Crocodile Forest

$\huge\sqrt{x\sqrt{x\sqrt{x\cdots}}}=x^{\small{\color{#D61F06}{\frac{1}{2}+\frac{1}{4}+\frac{1}{8}\cdots}}}$ $\\ (\mathcal{\color{#D61F06}{Infinite~ GP}})$ $\\ \huge=x^{\small{\color{#D61F06}{\frac{\frac{1}{2}}{1-\frac{1}{2}}}}}=x$ Hence integration simplifies to:- $\huge \mathfrak{I}=\int_{3}^{5} x \, dx$ $\huge =\dfrac{x^2}{2}|_{\small 3}^{\small 5}$ $\huge =\color{goldenrod}{\boxed{\color{#20A900}{\boxed{\color{#007fff}{8}}}}}$

Let $\large\displaystyle\ y =\sqrt{x\sqrt{x\sqrt{x\cdots}}}$

As the series is infinite, we can say that $\large\displaystyle\ y = \sqrt{x*y}$

which gives us $\large\displaystyle\ y =x$ [as $y=0$ only for $x=0$ ]

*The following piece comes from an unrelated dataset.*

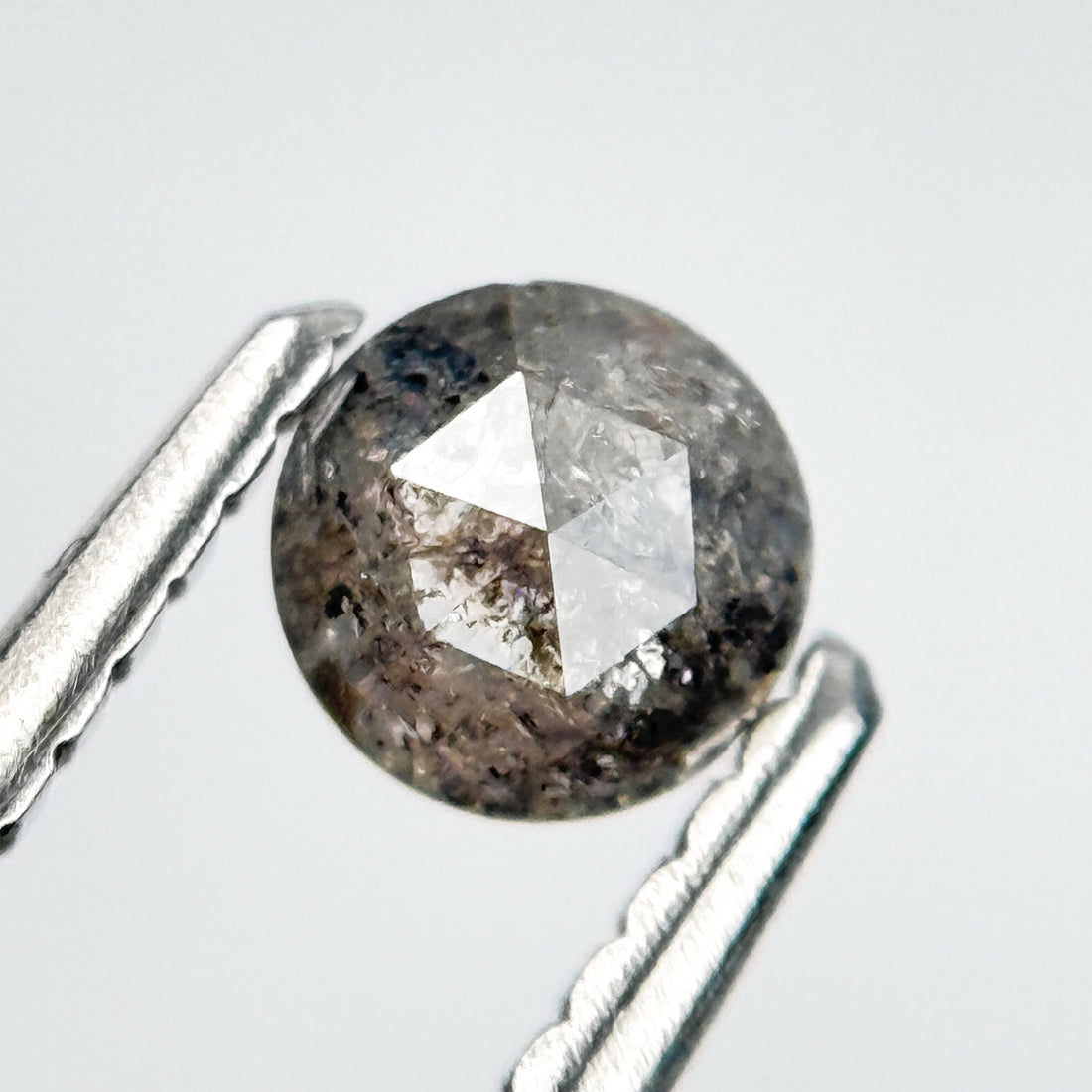 0.36 Ct Round Rose Cut Grey Natural Salt and Pepper Diamond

Therefore, the required integration now is: $\large\displaystyle\int_{3}^{5} \ x \, dx =\, 8$

Let $u = \sqrt{x \sqrt{x\sqrt{x \cdots}}}$ . Then

$\begin{aligned} u & = \sqrt {xu} & \small \color{#3D99F6} \text{Squaring both sides} \\ u^2 & = xu \\ u & = x \end{aligned}$

Therefore, $\displaystyle \int_3^5 \sqrt{x \sqrt{x\sqrt{x \cdots}}}\ dx = \int_3^5 x \ dx = \dfrac {x^2}2 \ \bigg|_3^5 = \dfrac {25-9}2 = \boxed 8$ .